Independientemente del exceso incurrido por la Asamblea Nacional, mediante un previo desacato al fallo del Tribunal respecto del juramento de tres diputados con la intención de lograr la destitución del presidente, la respuesta judicial fue desproporcionada y legalmente indefendible. Representó una invasión de funciones, la violación del principio de separación de poderes y el desconocimiento de la expresión de la voluntad ciudadana.

Conforme al principio de soberanía popular, la designación de los integrantes de los tribunales supremos recayó preponderantemente en los poderes legislativos y a veces en el sufragio público. Así ocurrió en nuestro país durante más de cien años. En la Constitución de Apatzingán de 1814, el nombramiento de los cinco integrantes del Supremo Tribunal de Justicia era competencia del Congreso, quien los elegía por mayoría absoluta de votos.
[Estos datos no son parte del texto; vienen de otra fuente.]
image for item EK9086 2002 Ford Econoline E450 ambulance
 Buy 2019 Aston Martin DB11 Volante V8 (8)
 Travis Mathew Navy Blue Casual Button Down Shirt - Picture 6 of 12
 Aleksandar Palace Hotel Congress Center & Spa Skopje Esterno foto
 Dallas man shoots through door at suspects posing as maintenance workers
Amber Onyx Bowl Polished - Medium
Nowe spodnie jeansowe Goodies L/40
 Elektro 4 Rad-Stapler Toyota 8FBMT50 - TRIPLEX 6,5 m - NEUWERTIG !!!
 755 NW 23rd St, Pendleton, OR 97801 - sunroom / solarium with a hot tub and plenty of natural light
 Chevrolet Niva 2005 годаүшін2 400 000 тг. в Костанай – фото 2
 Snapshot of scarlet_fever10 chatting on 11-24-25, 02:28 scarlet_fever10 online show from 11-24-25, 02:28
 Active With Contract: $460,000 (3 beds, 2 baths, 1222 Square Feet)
En la Constitución Federal de 1824, se incrementó a once el número de ministros de la Corte, más un fiscal, propuestos por las legislaturas de los estados, quedando a cargo de la Cámara de Diputados el cómputo para determinar la mayoría absoluta.

En cambio, la Constitución de la República mexicana de 1857 determinaba que la Suprema Corte se compondría de once ministros propietarios, cuatro supernumerarios, un fiscal y un procurador general. La elección sería semejante a la del Poder Ejecutivo, esto es popular e indirecta en primer grado; razón por la cual Benito Juárez, cabeza del Poder Judicial, asumió la Presidencia de la República a la renuncia de Ignacio Comonfort.

En la versión original de la Constitución de 1917 los ministros de la Suprema Corte se elegían por el Congreso de la Unión mediante cuórum calificado y mayoría también calificada; los candidatos eran previamente propuestos, uno por las legislaturas de los estados.

Con la reelección de Álvaro Obregón y poco antes de su asesinato, el gobierno federal promovió reformas constitucionales tendientes a la centralización del poder político en la Presidencia de la República; entre ellas la supresión de los municipios en el Distrito Federal, la no reelección y reducción del número de diputados y la pérdida de inamovilidad de los ministros de la Corte y su designación por el Ejecutivo mediante un sistema de ternas que da la última palabra al promovente. Durante varios sexenios se fue modificando la composición de la Corte de acuerdo a las orientaciones y preferencias de los gobernantes en turno. Ello no habla necesariamente de una supeditación o incondicionalidad de sus integrantes a los dictados del Ejecutivo, pero sí de una indiscutible influencia ejercida por éste en los asuntos de mayor interés o en los que consideran de alta incidencia política, como ocurrió recientemente cuando la Suprema Corte negó, sin ningún argumento válido, la posibilidad de someter la reforma energética a consulta popular.

Esta situación no se modificó en lo esencial con la reforma introducida en 1994, aunque cesó en sus funciones a todos los ministros, creó un Consejo de la Judicatura dependiente del propio Tribunal y le otorgó a ésta máxima instancia facultades que corresponden en casi todos los países a una Corte Constitucional específica.

El máximo tribunal de la Federación tiene hoy la tarea más compleja a la que haya hecho frente: resolver sobre controversias y acciones de inconstitucionalidad interpuestas contra la Constitución de la Ciudad de México, algunas de las cuales tienen que ver con la integración de los poderes. Representa una ocasión inmejorable para demostrar su imparcialidad y fortalecer la vigencia del federalismo, así como la ampliación de los derechos humanos. Es necesario que actúe con plena independencia y celeridad para no dejar a la capital en la incertidumbre jurídica. También que propicie las audiencias públicas y se abra a las demandas de la sociedad. Una Corte abierta podría rescatar su carácter democrático.